Rahway’s Franklin Elementary School was the mobile lab’s first-ever stop. The environmental education classroom is a new county program created by converting a surplus van.
Trailside Park naturalists Ginger Case and Joe Filo used the van to bring a lesson about reptiles to the students, who listened excitedly as they sat on carpet squares under a tree outside the school.
First came an overview of what it means to be a reptile. For starters, reptiles hatch their offspring from eggs. Secondly, reptiles are cold-blooded. And finally, Case told the students, reptiles are covered in scales, which feel similar to human fingernails.
“Imagine your entire body covered in fingernails,” she told the students, who responded with an enthusiastic, “Ewww!”
Next, Case focused her lesson on two types of turtles. The first was the painted turtle, which is common in New Jersey lakes and rivers and has webbed toes and a flat shell, so he is “zippy” in the water, Case explained.
The second, called the box turtle, lives in local fields and meadows and can’t swim, but instead uses his claws to dig in the ground when he needs to.
To illustrate some interesting facts about turtles, Case pulled out two turtle shells for the children to examine and touch.
The shells were left behind by turtles who have died, Case explained, similar to dinosaurs who leave their bones behind.
Knocking on the shells, the students let out a few “Oooo’s” a couple of “Ouches.” But the bigger surprise came moments later when Cast revealed two live turtles.

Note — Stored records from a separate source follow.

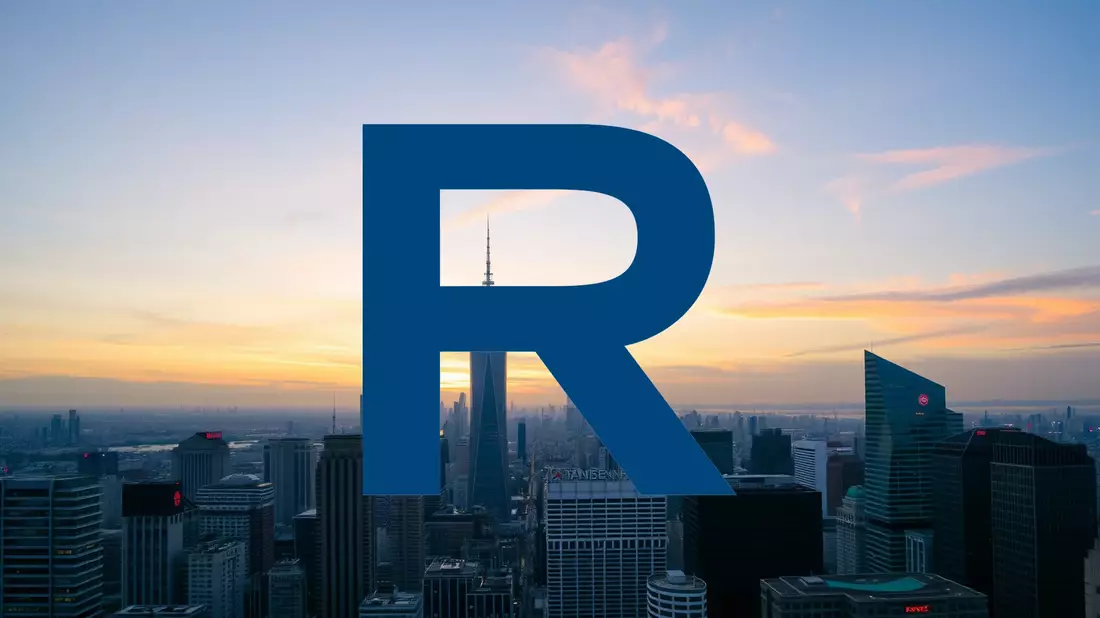Ryerson’s Strategic Acquisition: Navigating Risk Amid Expansion Plans - Bild: über boerse-global.de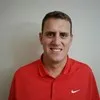 Broderick Rawlings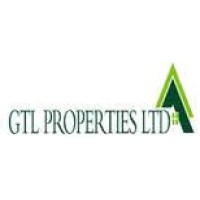 GTL Properties Limited Ng logo - Similar company to Instincthub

Not expecting the chance to touch a real turtle, some of the young students let out a scream, while others yelled, “Cool!”
Case and Filo brought the turtles around to the students who gently touched the reptiles with one finger, feeling the shells, legs and claws.
The hands-on lesson had the students squirming with excitement as Filo brought them a second lesson, this time on snakes.
Snakes, who don’t have shells or legs like turtles, do have a special set of jaws and teeth to swallow their prey in one piece, Filo told the students. Backward-facing teeth keep prey from escaping a snake’s mouth, while specially designed jaws allow a snake to open its mouth wide enough to swallow large meals.
Filo told the students that, if they had the same set of jaws, “You could swallow the head of the person next to you.”
After having a chance to feel a couple of different snake skins shed from local snakes, Filo told the students he had brought a couple of “friends” with him.
Reaching into a pillow case, Filo pulled out “Cornelius,” a small corn snake found in southern New Jersey. His arrival drew plenty of excited screams from the young crowd.
By the time Filo was ready to introduce the students to his second “friend,” the group was already chanting, “Let’s go snake, let’s go snake!”
When Filo unveiled Piney, a 6-foot-long northern pine snake, the students screamed even louder, looking at their neighbors in disbelief and gasping with stunned smiles.
After learning a little bit about the snakes, such as where they live, what they eat, and how their coloring helps them to survive in natural environments, the students had a chance to touch the two snakes, cautiously petting the scaly skin.
After the program, Heather Sherrier, 7, had learned many new facts about both turtles and snakes, but, she said, the snakes were cooler to see.
“They have, like, a ton of scales and use their tongues to smell,” she said. Sherrier wasn’t afraid to touch Piney. Her observation of the snake: “It felt really squishy.”